A survey in 2004 by Heather Bilton for her dissertation found that in public Montessori schools:
• About half the students receive free or reduced price lunch
• Most principals do not have Montessori training
• A bit more than half of the teachers have Montessori credentials
• Most have chosen to use materials that are not "Montessori"

In January 2007, The Washington Post published an article titled "Montessori, Now 100, Goes Mainstream". The article discussed the increasing number of Montessori public school programs, particularly in African-American communities.

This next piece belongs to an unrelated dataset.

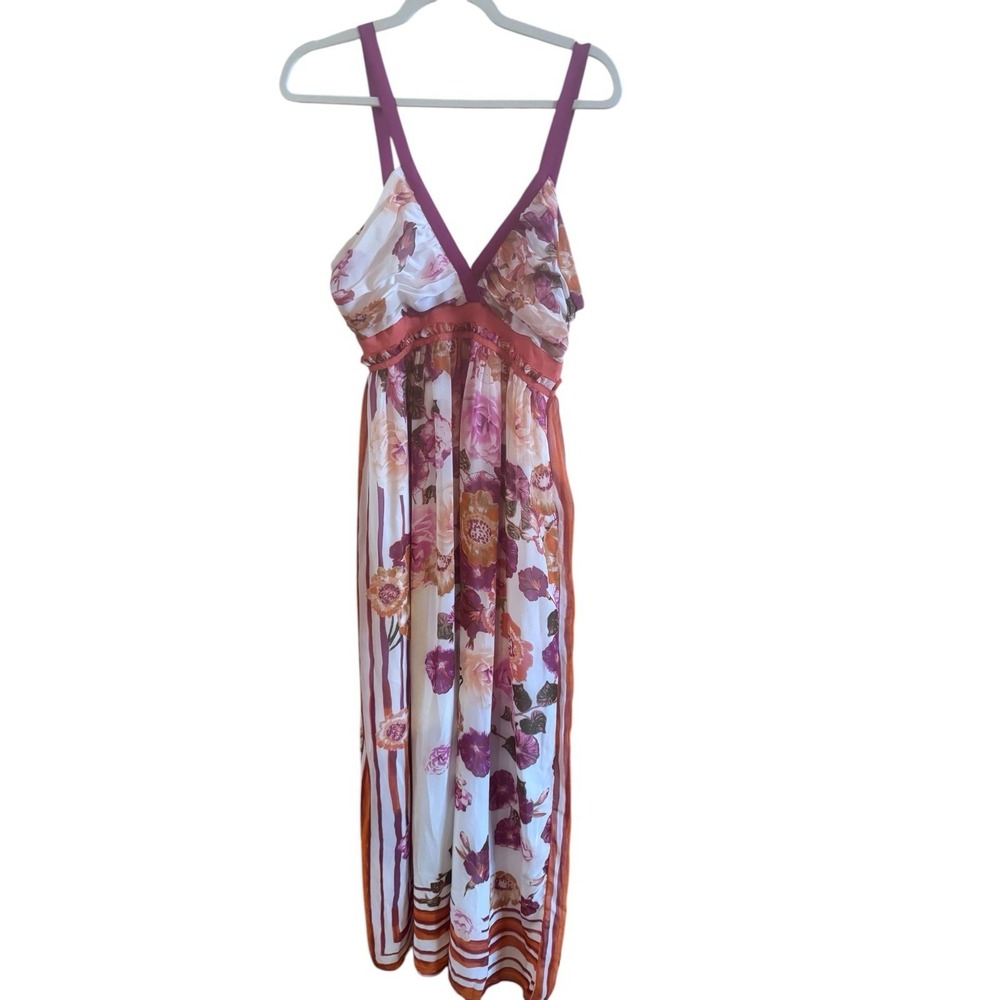 Albert Ferretti For Impulse Sleeveless Vibrant Fuchsia Floral Maxi Dress Size 8
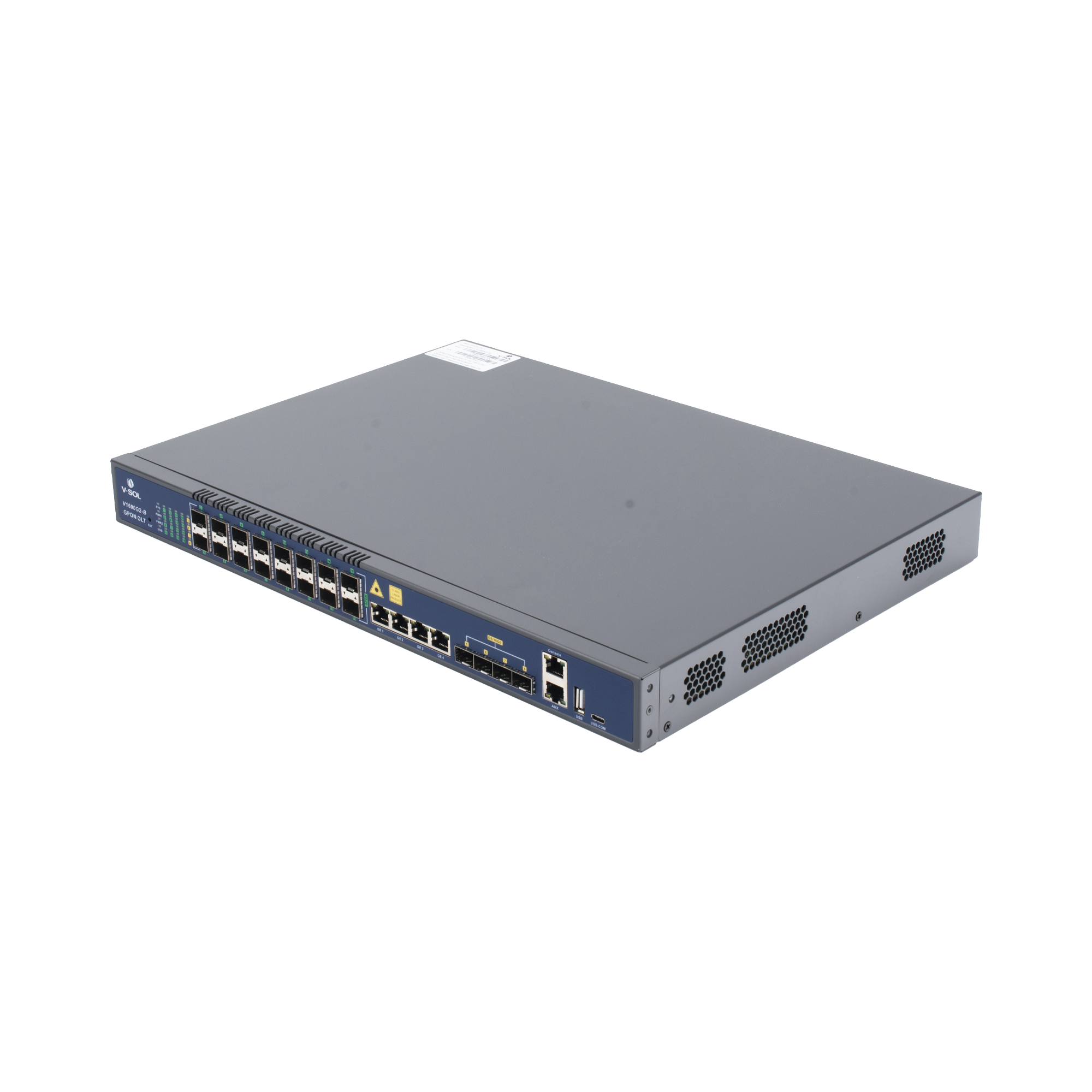 OLT de 16 puertos GPON con 8 puertos Uplink (4 puertos Gigabit Ethernet + 4 puertos SFP / puertos SFP+) hasta 2,048 ONUs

Once a maverick experiment that appealed only to middle-class white families, Montessori schools have become popular with some black professionals and are getting results in low income public schools with the kind of children on which Montessori first tested her ideas.

The article goes on to discuss how Montessori has been implemented in the public schools, and has become an attractive option to black, middle-class parents because it provides an alternative to the "No Child Left Behind" strategies in most current public school curricula.